The Square Pushes Boundaries

default article imageA lady stands at the center of a busy plaza filled with people rushing to work or to get lunch. She asks the people walking by, “Would you like to save a human life?” One man replies with, “I’m busy,” while another says, “Not now.” 

A man goes into a 7-11 for a sim card. A homeless woman in the corner of the store asks, “Could you spare some change?” The man says he only has credit card, but is willing to buy her something instead. The lady requests, “a chicken ciabatta sandwich with no onions.”

How much do we care about others and how far can it go? Palme d’Or winner The Square puts us in uncomfortable situations to explore these questions.

Christian, played by Claes Bang, is a curator at a Swedish museum of modern art. On his way to work, he attempts to help a lady in a “life threatening” situation.

In return, his wallet and phone are stolen. Christian tracks down his phone to an apartment complex and gets an idea with one of his employees. To get his wallet and phone back, Christian will stuff a note into each mailbox calling the person a thief and demanding his phone back. Meanwhile, a new exhibit is coming to the museum called The Square.

The description of the exhibit reads: “The Square is a sanctuary of trust and caring.
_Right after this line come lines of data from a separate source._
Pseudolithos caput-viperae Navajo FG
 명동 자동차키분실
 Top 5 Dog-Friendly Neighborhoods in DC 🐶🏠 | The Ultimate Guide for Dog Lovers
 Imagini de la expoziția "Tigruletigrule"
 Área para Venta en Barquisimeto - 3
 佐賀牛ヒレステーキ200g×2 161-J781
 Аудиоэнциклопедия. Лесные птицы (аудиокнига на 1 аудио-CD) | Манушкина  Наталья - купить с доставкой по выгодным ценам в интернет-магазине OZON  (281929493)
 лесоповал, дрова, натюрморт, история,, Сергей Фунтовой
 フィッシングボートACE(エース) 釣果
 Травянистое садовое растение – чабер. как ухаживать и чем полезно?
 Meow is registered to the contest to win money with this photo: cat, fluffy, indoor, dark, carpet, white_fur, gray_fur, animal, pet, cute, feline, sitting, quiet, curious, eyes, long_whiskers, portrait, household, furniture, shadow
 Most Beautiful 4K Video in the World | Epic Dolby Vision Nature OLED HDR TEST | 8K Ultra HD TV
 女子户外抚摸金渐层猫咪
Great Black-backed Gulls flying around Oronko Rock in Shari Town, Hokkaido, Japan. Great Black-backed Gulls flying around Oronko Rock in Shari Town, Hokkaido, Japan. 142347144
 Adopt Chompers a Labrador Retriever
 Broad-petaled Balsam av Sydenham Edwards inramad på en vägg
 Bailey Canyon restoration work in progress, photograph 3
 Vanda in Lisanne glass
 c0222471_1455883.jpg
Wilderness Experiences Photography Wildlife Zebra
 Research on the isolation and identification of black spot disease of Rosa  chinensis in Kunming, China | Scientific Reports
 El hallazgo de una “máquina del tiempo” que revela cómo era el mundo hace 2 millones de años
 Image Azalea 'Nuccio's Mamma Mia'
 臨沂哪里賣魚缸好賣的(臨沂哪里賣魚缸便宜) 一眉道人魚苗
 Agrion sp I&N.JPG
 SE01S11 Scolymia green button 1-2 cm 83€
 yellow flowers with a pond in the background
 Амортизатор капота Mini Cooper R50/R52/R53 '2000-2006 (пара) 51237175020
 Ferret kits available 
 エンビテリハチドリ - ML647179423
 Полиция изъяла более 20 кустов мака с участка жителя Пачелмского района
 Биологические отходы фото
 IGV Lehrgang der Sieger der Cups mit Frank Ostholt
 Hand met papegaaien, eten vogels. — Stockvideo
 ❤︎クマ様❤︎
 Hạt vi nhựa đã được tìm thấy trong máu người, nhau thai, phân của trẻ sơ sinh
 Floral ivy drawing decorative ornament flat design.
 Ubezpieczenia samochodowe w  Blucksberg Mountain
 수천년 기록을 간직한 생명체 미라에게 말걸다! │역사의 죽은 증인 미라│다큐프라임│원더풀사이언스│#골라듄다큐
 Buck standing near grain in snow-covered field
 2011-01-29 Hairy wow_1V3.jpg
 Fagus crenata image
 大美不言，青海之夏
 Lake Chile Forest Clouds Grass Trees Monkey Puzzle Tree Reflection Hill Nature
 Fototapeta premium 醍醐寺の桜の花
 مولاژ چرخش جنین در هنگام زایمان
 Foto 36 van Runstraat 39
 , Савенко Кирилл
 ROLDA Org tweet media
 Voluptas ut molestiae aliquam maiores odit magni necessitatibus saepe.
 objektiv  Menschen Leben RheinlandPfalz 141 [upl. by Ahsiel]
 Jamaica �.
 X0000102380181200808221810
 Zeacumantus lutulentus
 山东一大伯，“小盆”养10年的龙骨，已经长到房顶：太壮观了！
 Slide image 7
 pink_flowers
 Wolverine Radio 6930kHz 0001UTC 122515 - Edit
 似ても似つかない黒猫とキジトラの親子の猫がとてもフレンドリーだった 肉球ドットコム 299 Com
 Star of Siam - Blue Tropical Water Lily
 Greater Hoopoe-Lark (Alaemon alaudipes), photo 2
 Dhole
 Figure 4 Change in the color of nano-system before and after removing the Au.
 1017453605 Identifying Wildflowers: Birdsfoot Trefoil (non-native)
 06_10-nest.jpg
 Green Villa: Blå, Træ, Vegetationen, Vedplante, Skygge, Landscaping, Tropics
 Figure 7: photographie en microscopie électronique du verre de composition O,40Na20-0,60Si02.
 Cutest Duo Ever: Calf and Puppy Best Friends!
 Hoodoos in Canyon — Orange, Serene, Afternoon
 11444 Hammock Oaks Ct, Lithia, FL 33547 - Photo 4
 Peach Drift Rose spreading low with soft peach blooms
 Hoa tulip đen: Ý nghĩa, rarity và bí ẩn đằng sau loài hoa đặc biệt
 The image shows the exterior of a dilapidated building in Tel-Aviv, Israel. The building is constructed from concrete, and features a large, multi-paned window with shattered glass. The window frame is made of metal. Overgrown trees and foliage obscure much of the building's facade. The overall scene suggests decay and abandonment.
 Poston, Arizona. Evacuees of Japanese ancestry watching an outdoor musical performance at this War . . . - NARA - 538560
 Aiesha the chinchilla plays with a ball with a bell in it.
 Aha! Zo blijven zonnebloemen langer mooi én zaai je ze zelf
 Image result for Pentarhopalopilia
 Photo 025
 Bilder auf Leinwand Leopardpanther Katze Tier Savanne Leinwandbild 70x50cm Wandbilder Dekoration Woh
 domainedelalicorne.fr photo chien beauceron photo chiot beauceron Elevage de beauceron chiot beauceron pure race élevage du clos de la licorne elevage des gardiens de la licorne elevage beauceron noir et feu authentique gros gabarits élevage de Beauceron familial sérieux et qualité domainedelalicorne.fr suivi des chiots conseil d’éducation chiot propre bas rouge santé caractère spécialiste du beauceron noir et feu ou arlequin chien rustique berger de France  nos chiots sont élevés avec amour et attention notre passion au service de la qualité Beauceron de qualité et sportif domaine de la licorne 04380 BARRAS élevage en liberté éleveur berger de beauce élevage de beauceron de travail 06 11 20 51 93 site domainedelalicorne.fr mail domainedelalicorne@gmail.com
Within it we all share equal rights and obligations.” To promote the exhibit, a PR team uses an aggressive campaign to grab attention.

Swedish director, screenwriter, producer and editor Ruben Östlund throws us into satirical scenarios that questions our moral compass and the role of contemporary arts in society.

The scenarios Östlund presents pushes our boundaries and tests the extent of our values. For instance, there’s an artist holding a press conference at the museum.

During the interview, the artist is constantly interrupted by a person with Tourette syndrome. Should the person stay in the audience because they do not have control over their disorder? On the other hand, should the person be escorted out because he is interrupting the interview for everyone?

It’s a difficult choice for some, but it’s important to endure these challenges to see how committed we are to our own moral code.

Normally when we stand behind a cause, we may obviously do anything to support it. Well, let’s say you are behind putting trust into any person because you have faith in humanity. While walking down the street, a lady comes rushing up to you proclaiming someone is after her with the intent to kill.

As the lady cowers in your presence, another man comes to her defense and helps you out. Once her predator shows up to attack her, you and the other man confront the predator and shoo him away.

The predator leaves, the lady is happy, and you are shaking hands with the man who helped you in that situation. Although it felt satisfying to help another person out, a few minutes later you discover your wallet and cellphone are gone.

After realizing how manipulative others can be at the expense of losing two important items, would you still have trust in humanity? Would you help another person out in the future in a similar scenario, or would you continue walking on?

Östlund is clever in measuring our beliefs by not only putting reputation on the line, but personal items as well.

Just as difficult it would be for one of us to determine what we should do in the two previous examples, Christian finds himself in the same boat. Except Christian’s boat can sink quickly with his high position as museum curator.

Christian is a paradoxical figure who contradicts his standards. The curator promotes The Square exhibit, although he does not fully represent its message. Sure, he drives a Tesla car, supports the arts, and is friendly towards others, but when a beggar asks for money, Christian typically replies, “I only have a card.” This shows how the museum curator is a contradiction of the image he conveys.

Christian should go beyond the minimum of driving a fuel-efficient car by putting more effort into helping people on a personal level. Additionally, Östlund takes a swipe at Sweden for its over usage of credit cards with Christian’s theme of only having a card, no cash.

Considering Christian is the curator of a museum he represents the world of modern art.

The museum is filled with pretentious works, such as a room with ash piles reading in neon lights “we are all dust.”

Modern art is normally behind humanistic ideals, but The Square exhibit represents how out of touch the community is towards the less fortunate and their contradictions on trust. Millions of dollars are poured into modern art museums while the community assumes their ethics are in line. However, when they are forced to take a position, the group skulks into their pompous rooms filled with sanctimonious art pieces.

Museums have the unflattering reputation for being blasé to anyone outside the art world. There are plenty of people who find it boring to gaze at something they are told is important. In spite of this notion, there are plenty of controversial pieces at The Square to feast your eyes upon.

Ruben Östlund wishes for the audience to squirm in their seat or bury their face in hand to discover the limits of one’s principles. However, Östlund’s intentions are in the right place.

The director desires a society where we all help each other, rather than ignore the increasing issues of poverty and hunger we may witness daily.

Östlund encourages us to reflect upon how we can approve our efforts to create a society where each person is there to bring the other up. Through this experience, one will begin to think outside The Square.